Segment Open

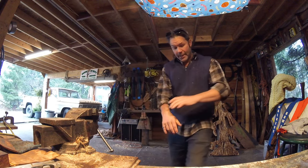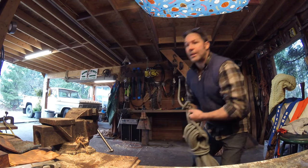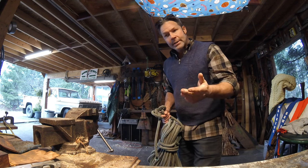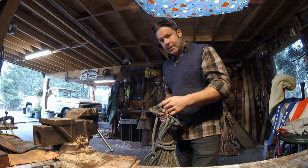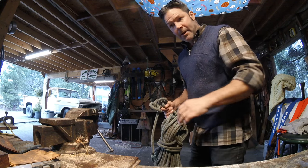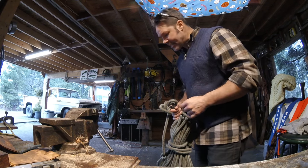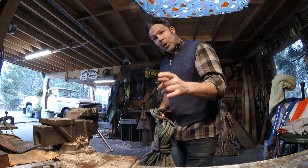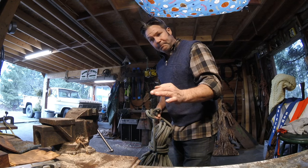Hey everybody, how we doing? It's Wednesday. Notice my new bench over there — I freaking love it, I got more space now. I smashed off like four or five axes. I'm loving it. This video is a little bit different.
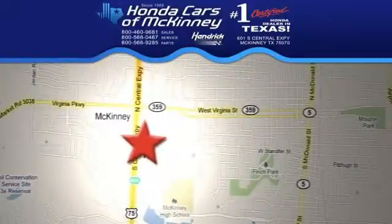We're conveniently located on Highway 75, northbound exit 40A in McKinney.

Segment Closed
Segment Open

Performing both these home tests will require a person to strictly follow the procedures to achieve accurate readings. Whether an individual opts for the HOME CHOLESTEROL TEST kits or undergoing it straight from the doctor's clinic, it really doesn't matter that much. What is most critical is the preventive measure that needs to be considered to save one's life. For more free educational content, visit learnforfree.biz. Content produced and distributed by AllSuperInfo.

Segment Closed

Work request: Reproduce, exactly and only, the lines of the records above starting at the line with "Hey everybody, how" and ending at the line with "We're conveniently located", both included. Leave every picture out.

Task response:
Hey everybody, how we doing? It's Wednesday. Notice my new bench over there — I freaking love it, I got more space now. I smashed off like four or five axes. I'm loving it. This video is a little bit different.
We're conveniently located on Highway 75, northbound exit 40A in McKinney.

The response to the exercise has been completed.